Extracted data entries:
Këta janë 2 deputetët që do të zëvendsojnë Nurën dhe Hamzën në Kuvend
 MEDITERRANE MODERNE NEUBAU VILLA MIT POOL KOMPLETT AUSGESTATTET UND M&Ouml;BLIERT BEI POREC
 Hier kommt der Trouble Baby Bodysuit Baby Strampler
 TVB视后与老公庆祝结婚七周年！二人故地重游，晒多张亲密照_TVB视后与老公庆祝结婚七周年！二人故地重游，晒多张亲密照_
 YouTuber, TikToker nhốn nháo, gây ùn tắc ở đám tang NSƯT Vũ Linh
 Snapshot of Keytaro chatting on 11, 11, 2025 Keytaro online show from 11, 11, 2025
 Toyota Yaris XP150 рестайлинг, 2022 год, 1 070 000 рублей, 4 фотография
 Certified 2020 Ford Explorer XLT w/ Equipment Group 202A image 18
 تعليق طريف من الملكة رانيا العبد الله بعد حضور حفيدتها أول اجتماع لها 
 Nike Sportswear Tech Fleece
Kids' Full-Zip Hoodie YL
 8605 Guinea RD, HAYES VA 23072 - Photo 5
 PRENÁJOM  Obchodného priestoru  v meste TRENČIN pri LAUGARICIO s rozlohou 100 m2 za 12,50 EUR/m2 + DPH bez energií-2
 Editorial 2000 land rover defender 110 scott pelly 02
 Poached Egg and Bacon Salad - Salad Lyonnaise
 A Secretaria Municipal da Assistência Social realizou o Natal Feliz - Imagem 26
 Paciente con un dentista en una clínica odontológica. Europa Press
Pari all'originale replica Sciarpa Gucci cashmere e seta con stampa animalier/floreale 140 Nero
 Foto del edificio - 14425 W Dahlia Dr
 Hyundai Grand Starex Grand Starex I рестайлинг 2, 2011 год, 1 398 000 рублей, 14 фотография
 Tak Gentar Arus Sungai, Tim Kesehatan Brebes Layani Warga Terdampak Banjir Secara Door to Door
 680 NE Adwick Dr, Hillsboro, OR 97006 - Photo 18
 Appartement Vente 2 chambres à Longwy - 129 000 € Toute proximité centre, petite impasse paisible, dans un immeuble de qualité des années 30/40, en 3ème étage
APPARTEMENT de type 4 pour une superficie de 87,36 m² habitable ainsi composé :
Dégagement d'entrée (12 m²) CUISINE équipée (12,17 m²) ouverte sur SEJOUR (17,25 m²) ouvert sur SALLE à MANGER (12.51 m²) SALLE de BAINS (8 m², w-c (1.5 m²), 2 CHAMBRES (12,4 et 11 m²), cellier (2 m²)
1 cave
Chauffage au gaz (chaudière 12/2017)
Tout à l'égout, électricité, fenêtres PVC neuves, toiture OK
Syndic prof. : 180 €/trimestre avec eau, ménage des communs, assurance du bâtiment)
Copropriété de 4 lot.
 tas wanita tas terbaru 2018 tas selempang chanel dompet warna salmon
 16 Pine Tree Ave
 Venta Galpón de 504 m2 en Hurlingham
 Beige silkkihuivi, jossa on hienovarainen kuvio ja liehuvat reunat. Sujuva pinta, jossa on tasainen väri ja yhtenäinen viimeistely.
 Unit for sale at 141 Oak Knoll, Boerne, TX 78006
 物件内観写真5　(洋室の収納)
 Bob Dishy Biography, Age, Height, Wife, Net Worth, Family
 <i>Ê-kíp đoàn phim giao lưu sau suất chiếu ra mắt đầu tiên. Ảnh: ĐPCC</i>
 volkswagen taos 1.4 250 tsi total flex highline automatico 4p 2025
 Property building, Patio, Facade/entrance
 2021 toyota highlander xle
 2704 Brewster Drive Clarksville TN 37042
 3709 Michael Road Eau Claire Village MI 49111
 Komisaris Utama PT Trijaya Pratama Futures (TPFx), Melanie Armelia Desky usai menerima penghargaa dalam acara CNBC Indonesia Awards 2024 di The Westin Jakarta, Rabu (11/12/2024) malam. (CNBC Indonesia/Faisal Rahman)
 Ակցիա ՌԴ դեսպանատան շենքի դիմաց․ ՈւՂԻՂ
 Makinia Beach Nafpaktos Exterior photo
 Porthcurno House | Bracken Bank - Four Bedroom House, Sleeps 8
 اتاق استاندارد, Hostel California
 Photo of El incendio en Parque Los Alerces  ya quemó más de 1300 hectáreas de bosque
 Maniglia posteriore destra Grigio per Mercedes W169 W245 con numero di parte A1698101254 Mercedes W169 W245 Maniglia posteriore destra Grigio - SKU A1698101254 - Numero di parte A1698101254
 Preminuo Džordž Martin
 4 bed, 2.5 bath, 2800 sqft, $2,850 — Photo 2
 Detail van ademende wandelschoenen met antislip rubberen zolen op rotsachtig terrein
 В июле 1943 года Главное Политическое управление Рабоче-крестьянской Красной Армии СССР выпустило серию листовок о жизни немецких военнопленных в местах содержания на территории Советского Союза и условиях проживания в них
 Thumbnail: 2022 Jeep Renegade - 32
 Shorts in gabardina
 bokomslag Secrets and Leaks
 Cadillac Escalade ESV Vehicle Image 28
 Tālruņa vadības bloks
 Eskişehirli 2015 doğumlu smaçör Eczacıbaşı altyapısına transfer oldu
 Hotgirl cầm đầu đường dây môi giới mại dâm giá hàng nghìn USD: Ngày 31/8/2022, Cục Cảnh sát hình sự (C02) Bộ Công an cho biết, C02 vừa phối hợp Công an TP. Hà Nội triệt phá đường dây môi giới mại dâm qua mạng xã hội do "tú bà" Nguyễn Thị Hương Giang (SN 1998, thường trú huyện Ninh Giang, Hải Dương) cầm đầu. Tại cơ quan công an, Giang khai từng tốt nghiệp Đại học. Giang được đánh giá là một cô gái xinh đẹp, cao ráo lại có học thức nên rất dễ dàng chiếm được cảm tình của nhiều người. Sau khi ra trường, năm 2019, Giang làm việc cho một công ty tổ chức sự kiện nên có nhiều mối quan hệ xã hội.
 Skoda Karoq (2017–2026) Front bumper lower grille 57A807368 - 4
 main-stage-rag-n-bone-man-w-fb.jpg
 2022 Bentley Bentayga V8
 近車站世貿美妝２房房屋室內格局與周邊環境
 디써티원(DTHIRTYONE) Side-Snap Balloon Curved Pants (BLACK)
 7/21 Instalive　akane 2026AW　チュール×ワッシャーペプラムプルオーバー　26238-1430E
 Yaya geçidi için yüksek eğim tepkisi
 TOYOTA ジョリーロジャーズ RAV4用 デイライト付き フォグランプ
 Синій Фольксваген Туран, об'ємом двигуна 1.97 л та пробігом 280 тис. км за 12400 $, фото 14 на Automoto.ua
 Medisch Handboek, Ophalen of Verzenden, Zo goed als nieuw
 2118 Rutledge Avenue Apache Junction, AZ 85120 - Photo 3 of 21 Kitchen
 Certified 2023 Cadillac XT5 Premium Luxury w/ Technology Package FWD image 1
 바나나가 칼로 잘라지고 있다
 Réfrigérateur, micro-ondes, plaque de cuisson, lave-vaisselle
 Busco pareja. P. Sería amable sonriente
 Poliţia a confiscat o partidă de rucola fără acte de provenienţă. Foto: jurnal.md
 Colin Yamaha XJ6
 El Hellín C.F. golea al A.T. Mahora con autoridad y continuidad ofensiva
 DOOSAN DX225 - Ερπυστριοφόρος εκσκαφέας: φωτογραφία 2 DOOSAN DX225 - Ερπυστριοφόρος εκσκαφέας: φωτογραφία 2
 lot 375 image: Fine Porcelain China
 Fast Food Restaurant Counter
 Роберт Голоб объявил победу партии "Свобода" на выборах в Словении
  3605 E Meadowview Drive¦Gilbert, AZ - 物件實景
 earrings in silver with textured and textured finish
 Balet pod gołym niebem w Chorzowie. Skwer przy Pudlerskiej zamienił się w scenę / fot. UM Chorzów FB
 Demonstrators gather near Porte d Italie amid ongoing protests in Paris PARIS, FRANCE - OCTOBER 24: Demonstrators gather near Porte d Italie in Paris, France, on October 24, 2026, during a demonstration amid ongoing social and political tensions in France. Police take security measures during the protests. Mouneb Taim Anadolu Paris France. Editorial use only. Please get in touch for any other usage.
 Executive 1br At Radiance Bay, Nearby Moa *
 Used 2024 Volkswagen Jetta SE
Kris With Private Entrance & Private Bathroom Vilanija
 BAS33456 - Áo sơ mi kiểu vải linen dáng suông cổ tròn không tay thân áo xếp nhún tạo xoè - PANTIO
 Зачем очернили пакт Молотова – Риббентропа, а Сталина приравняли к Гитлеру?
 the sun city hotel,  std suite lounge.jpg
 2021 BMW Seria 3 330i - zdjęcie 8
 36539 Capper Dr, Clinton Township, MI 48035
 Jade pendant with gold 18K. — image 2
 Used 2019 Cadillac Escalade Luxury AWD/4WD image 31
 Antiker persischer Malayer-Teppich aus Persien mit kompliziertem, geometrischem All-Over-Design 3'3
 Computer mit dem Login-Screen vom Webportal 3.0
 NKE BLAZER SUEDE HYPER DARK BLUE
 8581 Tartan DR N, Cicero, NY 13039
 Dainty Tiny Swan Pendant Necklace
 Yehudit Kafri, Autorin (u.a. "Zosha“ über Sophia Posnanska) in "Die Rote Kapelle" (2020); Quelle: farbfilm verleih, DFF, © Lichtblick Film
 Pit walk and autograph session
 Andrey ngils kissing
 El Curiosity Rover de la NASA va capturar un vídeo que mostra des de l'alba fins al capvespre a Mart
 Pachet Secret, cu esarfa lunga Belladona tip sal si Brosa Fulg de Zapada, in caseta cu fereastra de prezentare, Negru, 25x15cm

§ **Exercise requirements**:
Among the entries above, find every line holding "Escalade" and copy it.

§ **Response below**:
 Cadillac Escalade ESV Vehicle Image 28
 Used 2019 Cadillac Escalade Luxury AWD/4WD image 31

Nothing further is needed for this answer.